Nemesis, by Philip Roth (Hamish Hamilton Canada) Recent novels by Roth, who remains prolific well into his seventies, are all about one or another looming disaster. This one, about a polio epidemic in the writer's native Newark in 1944, is a shattering study in communal and parental fear and the unforeseen consequences of small decisions.
Luka and the Fire of Life, by Salman Rushdie (Knopf Canada) Twenty years after Haroun and the Sea of Stories, written as gift for his first son, Rushdie returns with a magical tale to mark the 12th birthday of his second son. In this one, Luka, 12, must embark on a perilous journey to save his storyteller father Rashid.
Mordecai, by Charles Foran (Knopf Canada) The non-Jewish Foran may have been an unusual choice, but he's produced what could be a definitive biography of Mordecai Richler, It's a massive work that examines this master novelist, wit and public curmudgeon in sympathetic but not uncritical style. Revelations are promised.

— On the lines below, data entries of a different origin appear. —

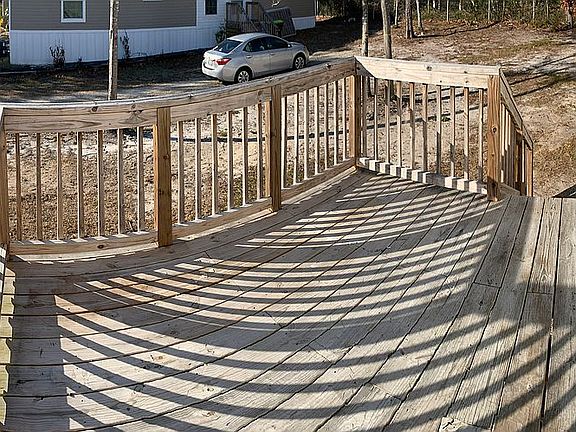 5th image of 694 Beachview Dr SE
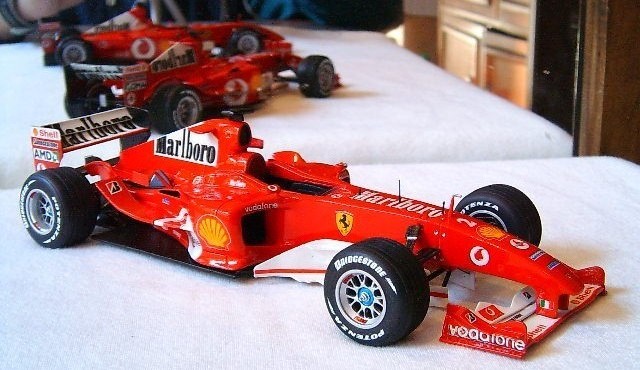 f2004.jpg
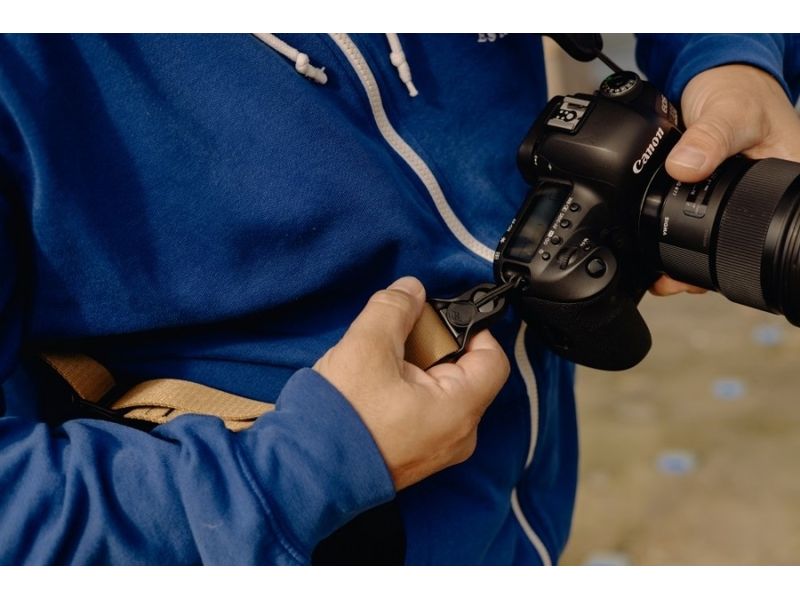 Peak Design Trageriemen Slide Lite Coyote Minimalistischer Kameragurt für spiegellose und DSLR-Kameras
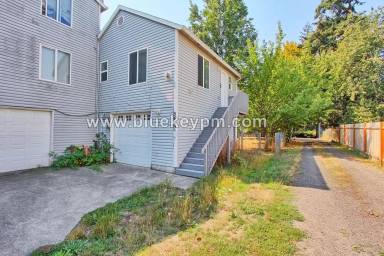 Main picture of 5609 SE 117th Ave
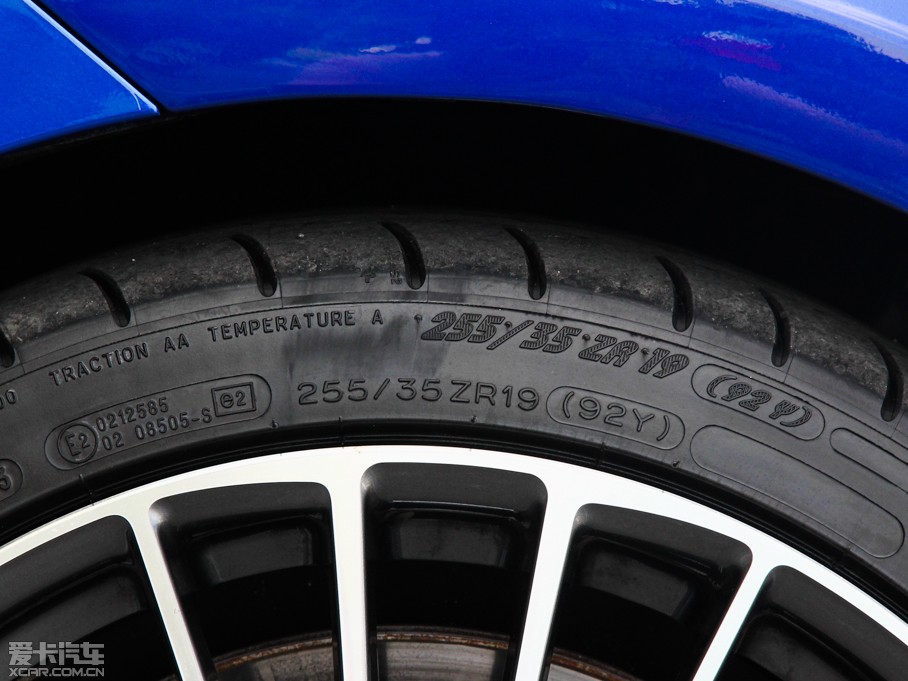 2015���׿��_˹RC F 5.0L �S���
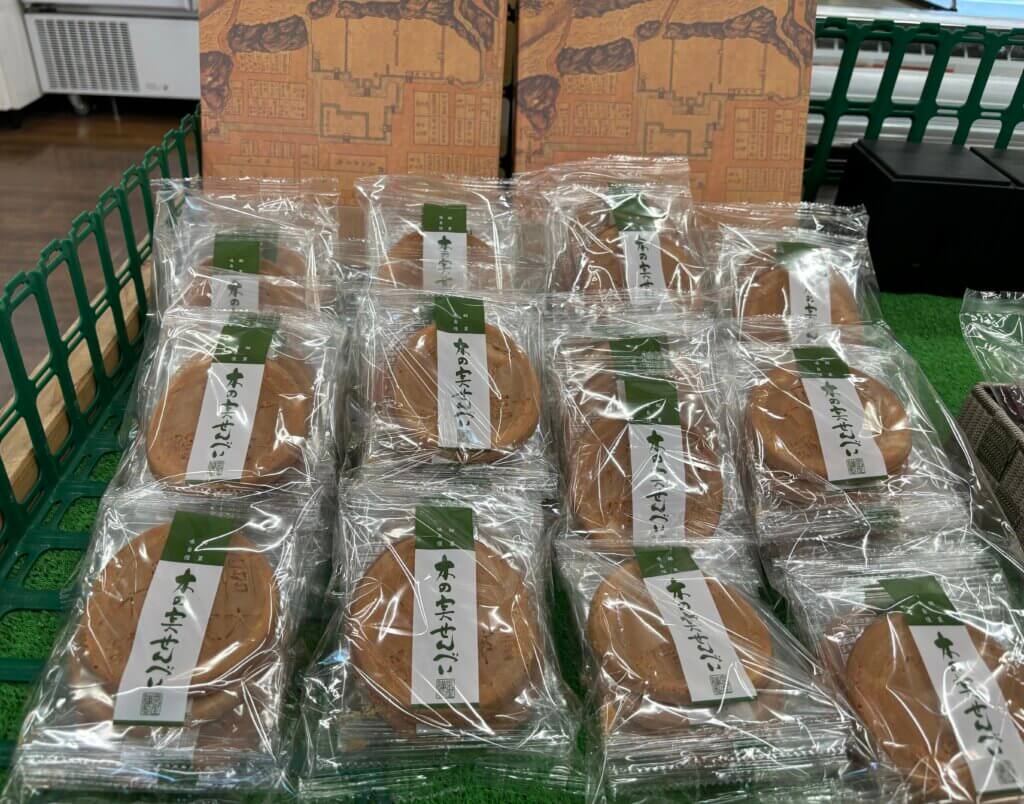 都留市の老舗・泉屋の木の実せんべいが店頭に並ぶ様子。山椒香る厚焼きせんべいで山梨土産として人気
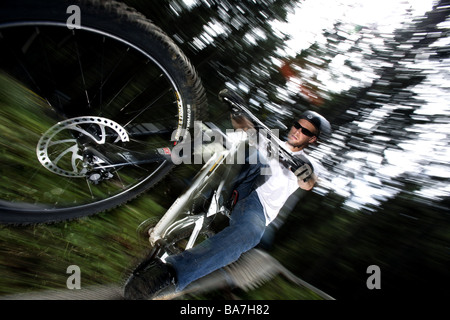 Jeune homme équitation son mountainbike, Oberammergau, Bavière, Allemagne Banque D'Images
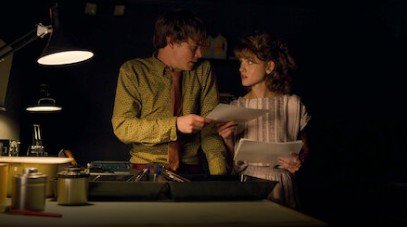 Stranger.Things.S03e03.Capítulo.Tres.El.Caso.De.La.Guardavidas.Perdida.
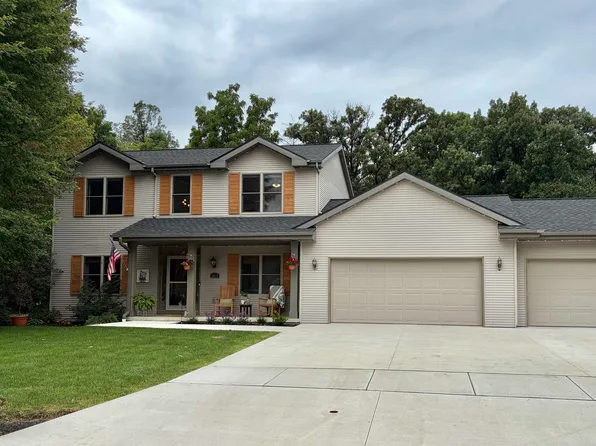 3819 Huntington Ct, Janesville, WI 53546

As Always, Julia: The Letters of Julia Child and Avis DeVoto, edited by Joan Reardon (Houghton Mifflin Harcourt) If Julia Child weren't a gargantuan goddess before Julie & Julia (book and film), she certainly is now, as much for the ardour of her personality as her culinary mastery. This record of the long correspondence between Child and her confidante/publishing mentor should only burnish the icon.
The Mind's Eye, by Oliver Sacks (Knopf Canada) The wonderful Oliver Sacks returns to The Man Who Mistook His Wife for a Hat territory with this work on how the plasticity of our minds allow us to cope with the loss of sight (in various forms). Sack's anecdotal work contains an arresting chapter on Canadian crime writer Howard Engel, left unable to read following a stroke.
The World in 2050: Four Forces Shaping Civilization's Northern Future, by Laurence C. Smith (Dutton) Good news for Canada. American Arctic scientist Smith has looked into the climate-changed future and pronounced it northern: Our population will grow by more than 30 per cent; we will trail only the Saudis in oil production; our cities will become world class (at last! at last!); crop production will increase; frozen natural resources will thaw.
Harperland, by Lawrence Martin (Penguin Canada) Less-good news for Canada. Globe and Mail columnist Martin trains a gimlet eye on a government under which executive power has grown and senior civil servants leashed, where power is centralized and expertise derided. Martin will be fair-minded but is unlikely to pull punches.